Re: no leave for adoptive parents, So you think an adopted baby should go to daycare at a few days old? Daycares don’t even normally take infants under 6 weeks. What are the parents supposed to do if neither has parental leave? Plenty of Americans don’t have the ability to save 6 weeks of PTO even if they wanted to. This is putting adoptive parents in a horrible position.
Anon
If that’s your standard it gets blurry quickly. Plenty of biological mothers don’t nurse. Some hire night nurses and have nannies and get way more rest than parents (including dads) who can’t afford these luxuries. Some have medical complications that result in postpartum hospitalization, others have super easy deliveries. Some have PPD, others are on cloud nine. No two women have the same experience and there’s no possible way to make it “equal” in the sense of everyone having it equally easy.
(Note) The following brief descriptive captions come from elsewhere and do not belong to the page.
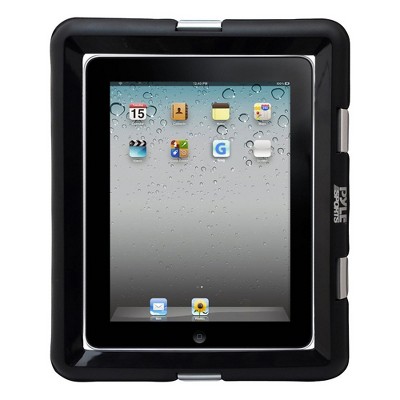 Pyle Universal Waterproof iPad Marine Grade Case with Headphone Jack - Black (PWSIC30)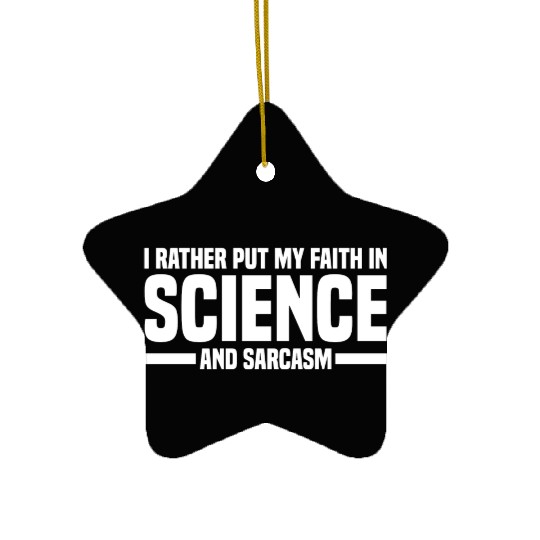 Atheism Religion Belief Atheists Science Ceramic Ornaments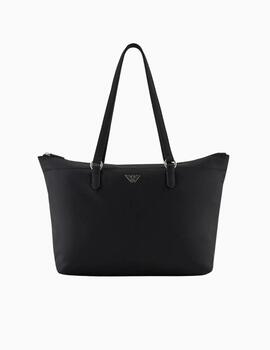 Bolso  EMPORIO ARMANI mujer shopper en nailon negro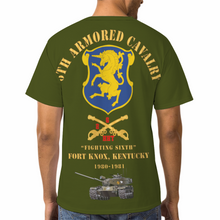Load image into Gallery viewer, AOP 6th ACR - HHT Troop Guidon Front Pocket - Full Back w M60 T-Shirt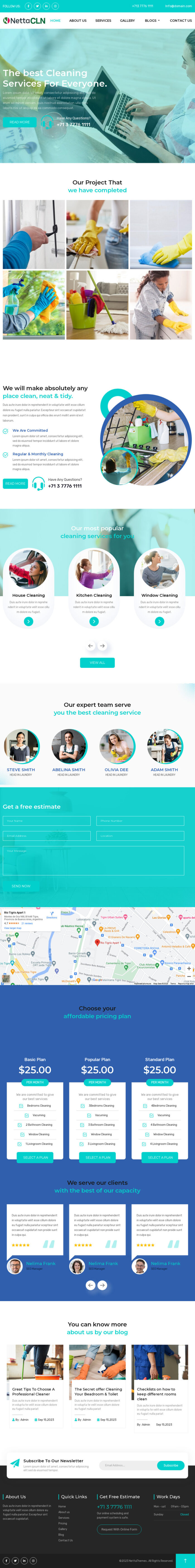 NettaCLN -Company Clean Services - Website Template- Bootstrap Responsive - Features Image 1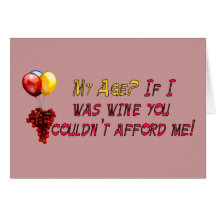 Fine Wine Greeting Card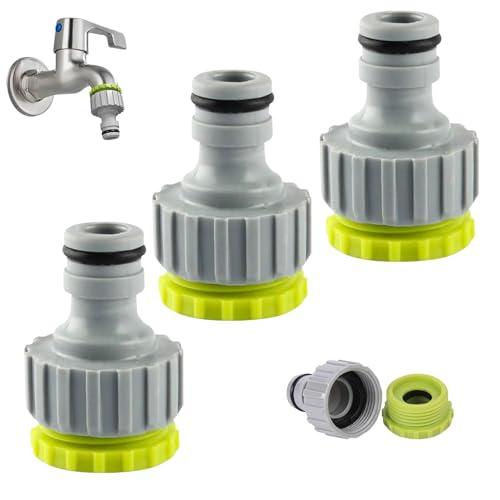 3 Stück Wasserhahn Adapter Gartenschlauch Für Gardena Hahnverbinder,Wasserhahn Schlauch Anschluss,Kupplung Schlauchverbinder,1/2 Zoll 3/4 Zoll Kunststoff Schlauchanschluss,Schlauchanschluss Set 3 Stück Wasserhahn Adapter Gartenschlauch Für Gardena Hahnverbinder,Wasserhahn Schlauch Anschluss,Kupplung Schlauchverbinder,1/2 Zoll 3/4 Zoll Kunststoff Schlauchanschluss,Schlauchanschluss Set von xianshi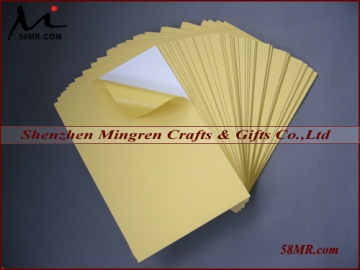 0.2-1.5MM Black and White Double Side Glue PVC Sheet For Photo Album Page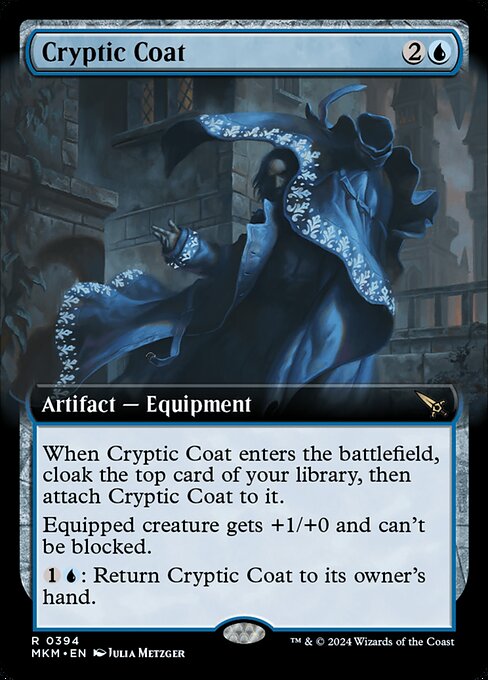 MTG Cryptic Coat MKM 394 Extended Art Nonfoil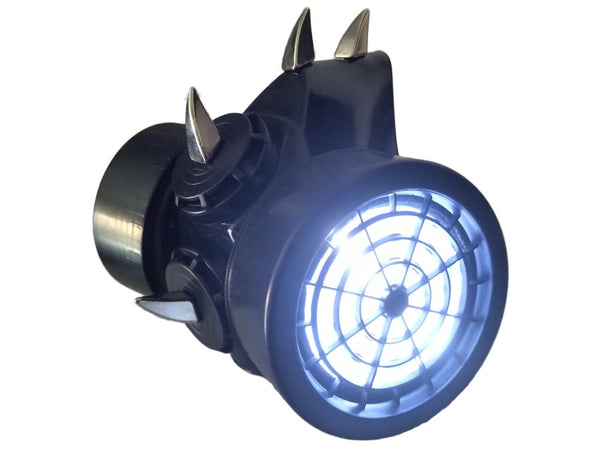 Light Up LED Curved Spike Gas Mask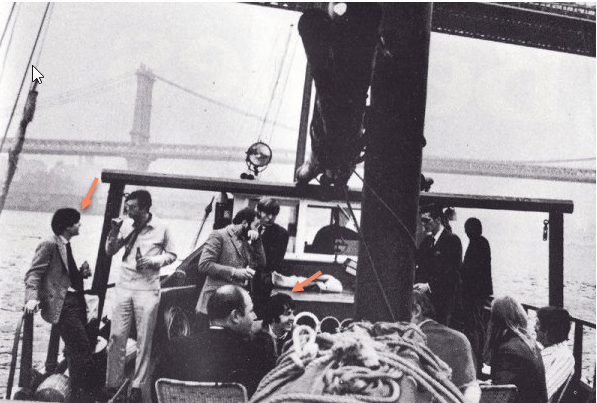 Boat photo with arrows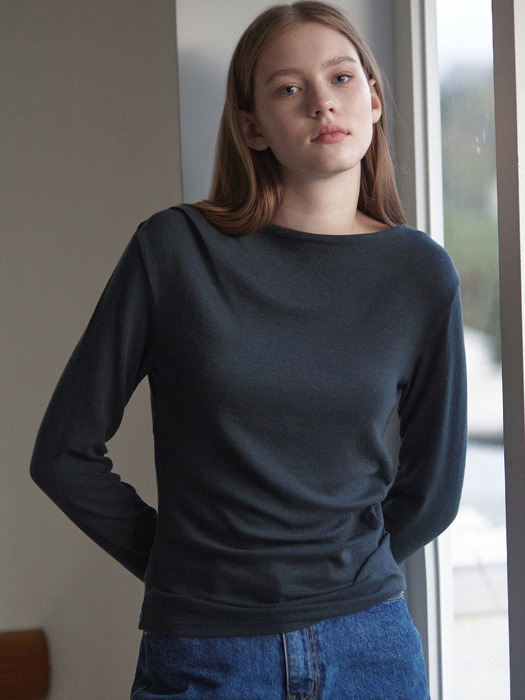 Wool-tencel Drape T-shirt 3 Color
It makes sense to me to give birth mothers sick leave (with additional sick leave available for complicated deliveries), and then give all parents bonding leave, which is what my employers does.
Anon
They’re not treated the same way. Paternity leave is normally much shorter than maternity leave, even at companies that offer both.
Anon
This is a pretty abhorrent view that really disrespects adoptive parents. You did everything short of calling them “not real parents.”
Anon
I don’t know any father who has lolled around the house during their parental leave.
Anon
Same. Crappy dads don’t use paternity leave in my experience. The men who take it are hands-on fathers.
Anonymous
In academia they all use it to write articles and get ahead on tenure.
Anon
You keep saying this, but you have no source for “all men in academia do this.” Some men do this. Not all. Almost all the academic men I know used paternity leave to be their child’s caregiver. My husband is a professor and was our kid’s sole workday caregiver for 8 months after I went back to work. It saved us a boatload of money on daycare, made it much easier for me to go back to work, and it deepened the father-child bond and made our partnership more equal. It was exactly what paternity leave is intended for, and benefited me and our kid much more than it benefited him. The fact that some small percent of people abuse a benefit is not a reason to take the benefit away from all.
Anonymous
here’s the evidence for economics faculty: https://www.aeaweb.org/articles?id=10.1257/aer.20160613
Anon
I can’t speak for c-sections (and I know you generally get additional time off to recover from a C-section, which seems fair), but I really wouldn’t characterize vaginal childbirth as a “major medical event.” I didn’t have an especially easy delivery but it didn’t really impact my life in any way, except I cringed a bit when walking up and down stairs for about a week. I mean, sure, I wasn’t going to be riding a bike or running a marathon any time soon, but as far as functioning in normal life, the physical recovery from birthday had very minor impact beyond the first couple of days. The removal of my wisdom teeth was harder for me, and that isn’t exactly a major medical event either (I only got 2 days off work for the wisdom teeth!). I really do not think companies give mothers 4-6 months off because they think they need that entire time physically recover. Physically, virtually all women would be fine to go back to work within a matter of weeks, if not days. They give women months off because maternity leave is also about bonding and caregiving, which dads can share in equally.
Anonymous
What companies give mothers 4-6 months off? 6-12 weeks is more standard. It’s not just about recovering from the physical trauma of the actual birth. It’s also about the hormonal swings that lead to drenching sweats multiple times a night, malnutrition from hyperemesis, and BFing at the insistence of one’s “enlightened” husband.
Anon
Big Law, which is what the question is about!! Shorter leave policies aren’t relevant because OP said she works in Big Law.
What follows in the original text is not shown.